What to do in an emergency
  • Cool any burns immediately under cold water for at least 10 minutes.

  • Don’t touch the burn, apply creams. Covering area with cling film relieves discomfort and prevents infection.

  • If someone’s clothing catches on fire, get them to stop and drop to the ground and roll them any heavy material like a coat, rug.

  • Get medical advice for any burn on a child larger than a postage stamp.

  • Get advice from a doctor, the A&E department at your local hospital.

  • If the burn involves a child’s face, hands, feet, joints or genitals always contact a doctor.

Fireworks

Watching fireworks is great fun, but taking extra care is important. The noise, colours and patterns fireworks make easily attract children to get close and more likely to get hurt.

General safety reminders
  • Children under five are too young to safely hold a sparkler and don’t really understand why they might be dangerous.

  • Babies can wriggle in your arms and young children can reach out unexpectedly. When you a holding a lit sparkler avoid holding a baby/child and hold high enough to be out of reach.

Safety reminders for your own event
  • To remain safe on bonfire night local organised events provide a safe environment to view a firework display and where adult’s attention can remain on the children. If you are holding your own or going to a friend's, it’s good to remember the following things.

  • Children need continuous supervision. Use a marker, like a rope, for the children to stand behind at a safe distance from the display.

  • Use a torch – rather than a naked flame - to read instructions.

  • Remember to light a firework, hold the firework at arm’s length and light it with a taper or firework lighter.

  • Store fireworks out of reach and in a metal box eg empty biscuit tin until you are ready to use them.
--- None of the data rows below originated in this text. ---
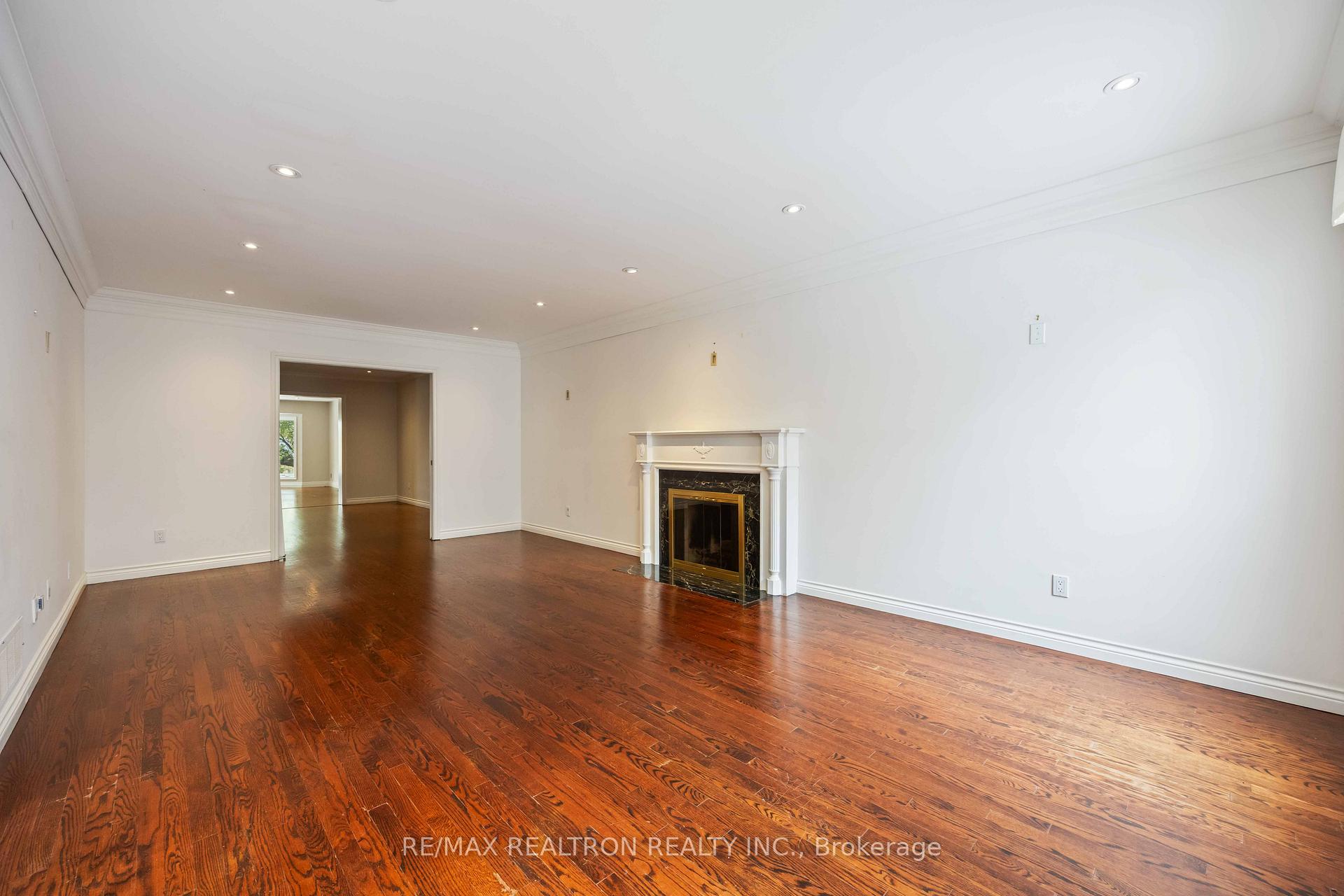 Photo 8 of 12 Donwoods Drive, North York, Bridle Path-Sunnybrook-York Mills — HOMEH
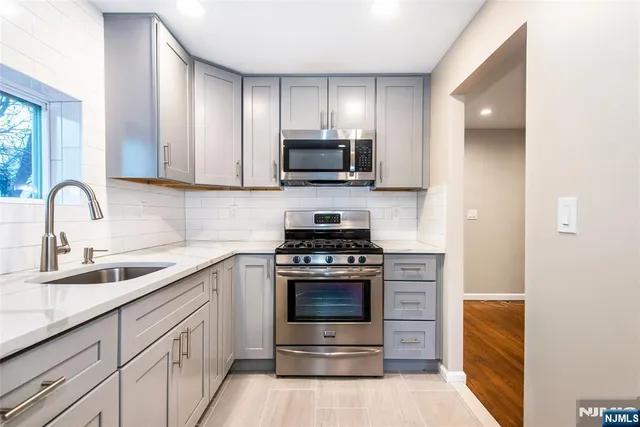 $2,000 | 189 Washington Avenue, Little Ferry, NJ 07643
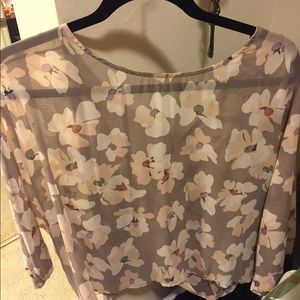 Super cute blouse with bow back detail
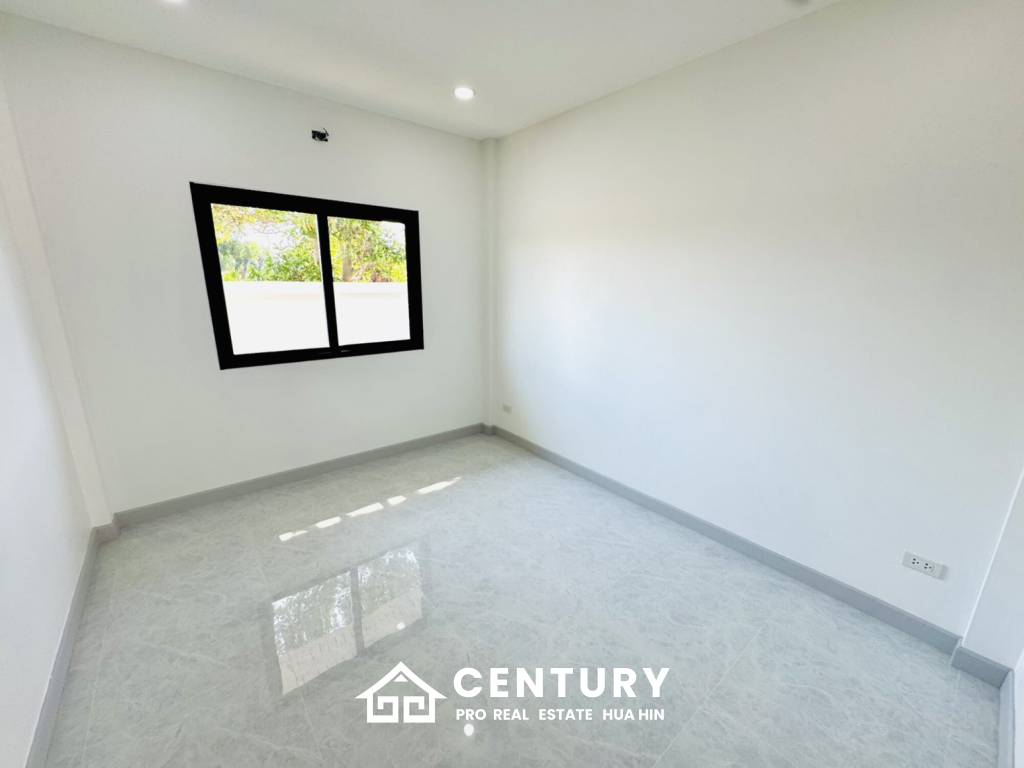 MODERN NEW HOUSE ON SOI MON MAI : 3 bed cozy home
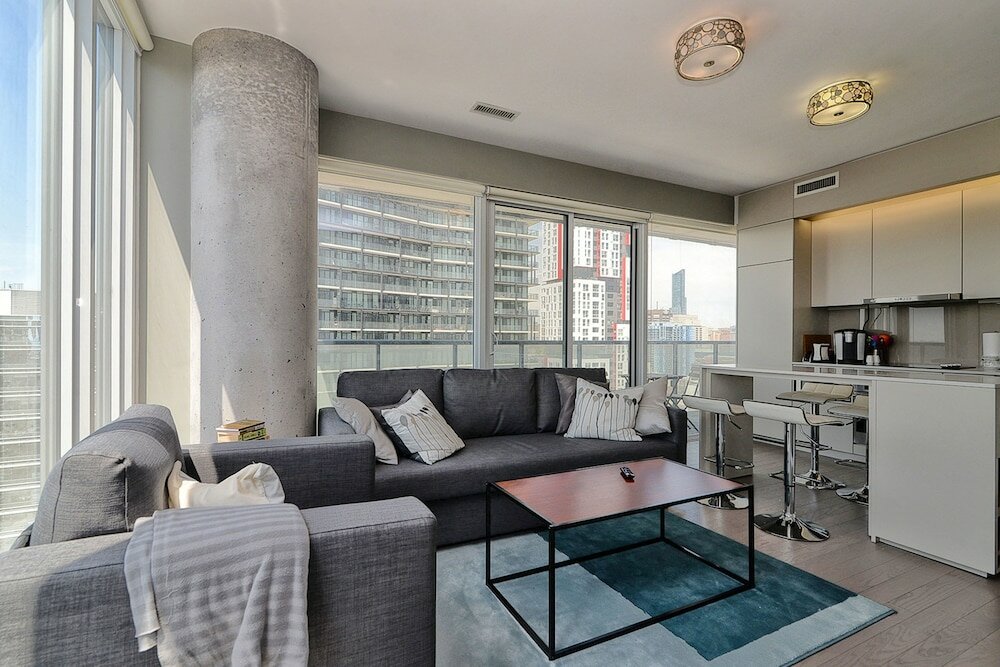 Фото Applewood Suites - Toronto Peter Street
  • Be a positive safety hero and never throw fireworks including spent ones onto a bonfire.

  • To ensure high levels of supervision during the display adults should avoid alcohol consumption especially by the person responsible for lighting fireworks.

  • Don’t go back to it once a firework has been lit. Sometimes they can be very slow to get started and may take you by surprise.

  • The safest place for a bonfire is at least 18 metres (4 small car lengths away from buildings including sheds and surrounding fences, trees and hedges.

  • After the display is finished, collect spent firework cartridges immediately using gloves/tongs. Avoid children helping with this task as used fireworks can remain hot as well as contain poisonous chemicals..

What to do in an emergency
  • Cool any burns immediately under cold water for at least 10 minutes.

  • Don’t touch the burn, apply creams. Covering area with cling film relieves discomfort and prevents infection.

  • If someone’s clothing catches on fire, get them to stop and drop to the ground and roll them any heavy material like a coat, rug.

  • Get medical advice for any burn on a child larger than a postage stamp.

  • Get advice from a doctor, the A&E department at your local hospital.

  • If the burn involves a child’s face, hands, feet, joints or genitals always contact a doctor.